● Exercise
Only the lines below between the ones containing "QUERES SER UM" and "Fiddler Lake Resort House", inclusive, are to be reproduced, each exactly as it stands.
Excerpted records Start Marker
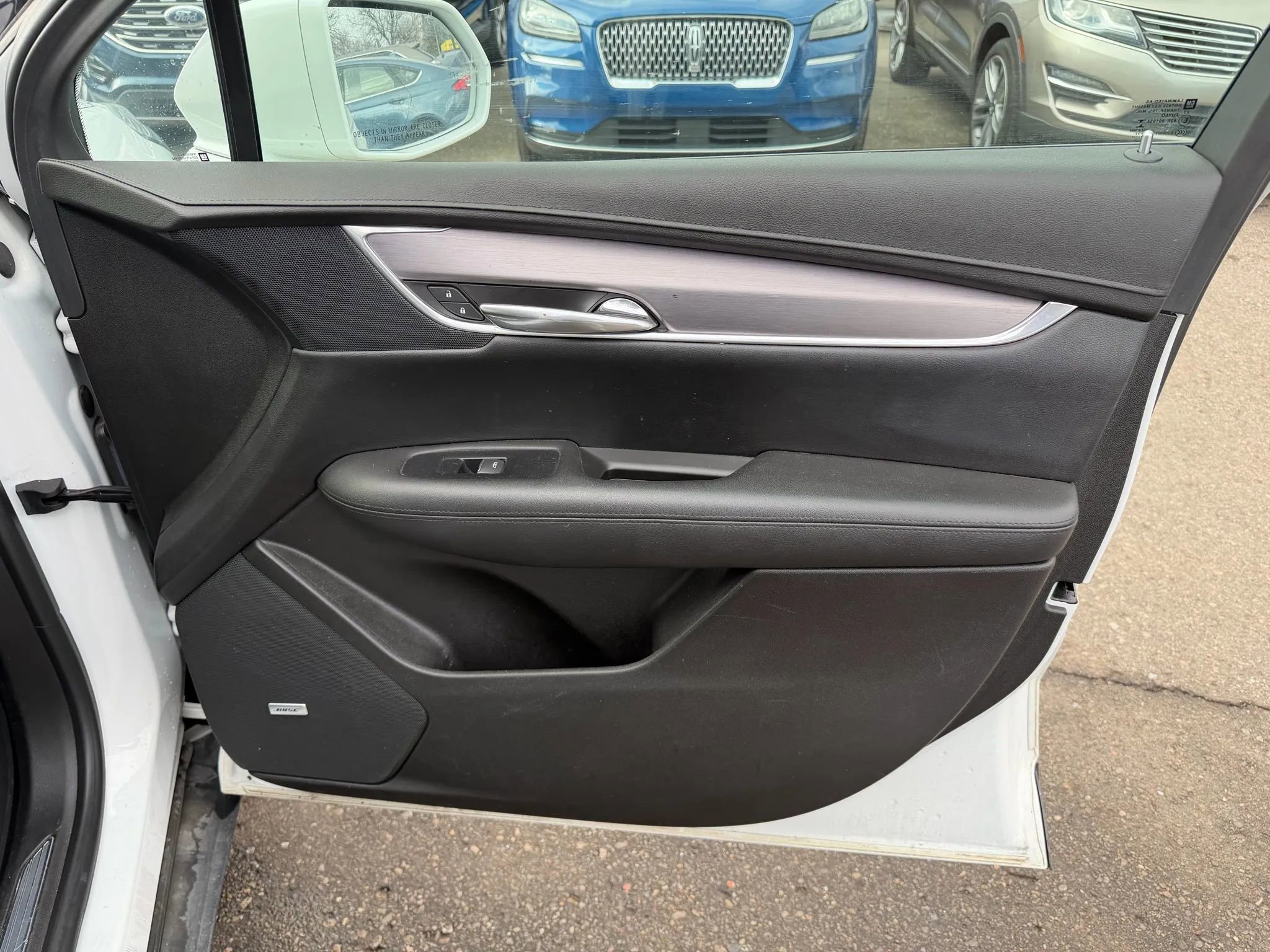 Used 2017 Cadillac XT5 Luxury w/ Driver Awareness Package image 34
Excerpted records End Marker
Excerpted records Start Marker
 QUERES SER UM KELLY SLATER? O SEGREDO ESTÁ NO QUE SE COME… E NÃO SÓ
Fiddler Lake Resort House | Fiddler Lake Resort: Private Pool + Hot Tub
Excerpted records End Marker
Excerpted records Start Marker
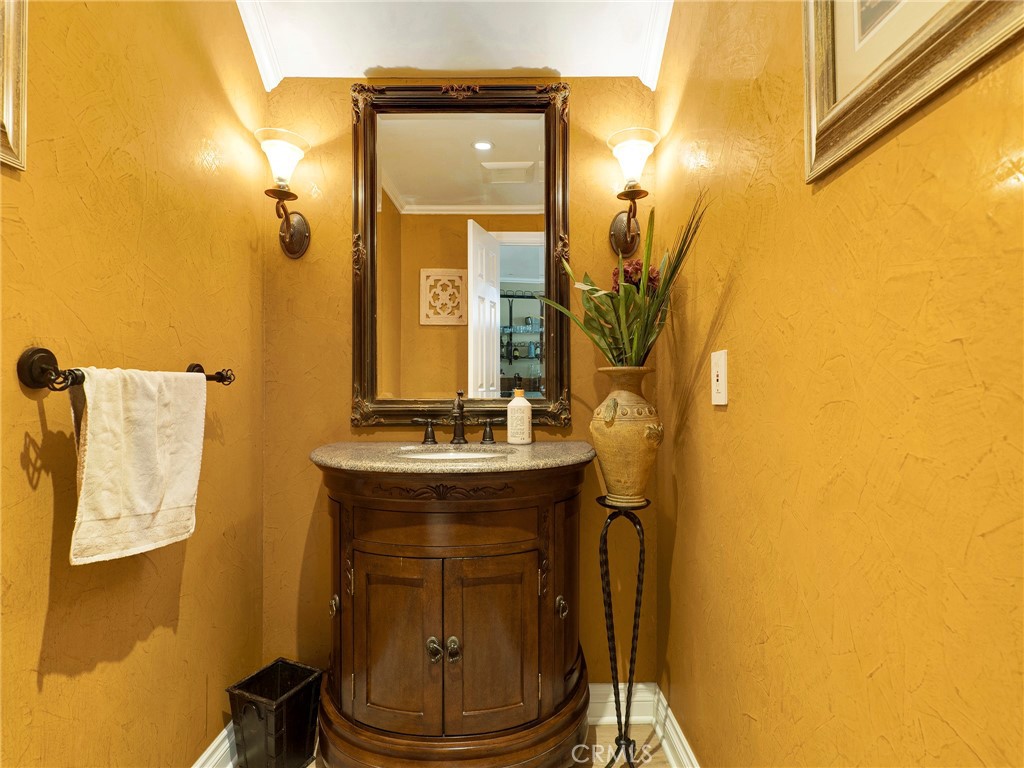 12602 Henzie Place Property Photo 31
Excerpted records End Marker
● Answer section
 QUERES SER UM KELLY SLATER? O SEGREDO ESTÁ NO QUE SE COME… E NÃO SÓ
Fiddler Lake Resort House | Fiddler Lake Resort: Private Pool + Hot Tub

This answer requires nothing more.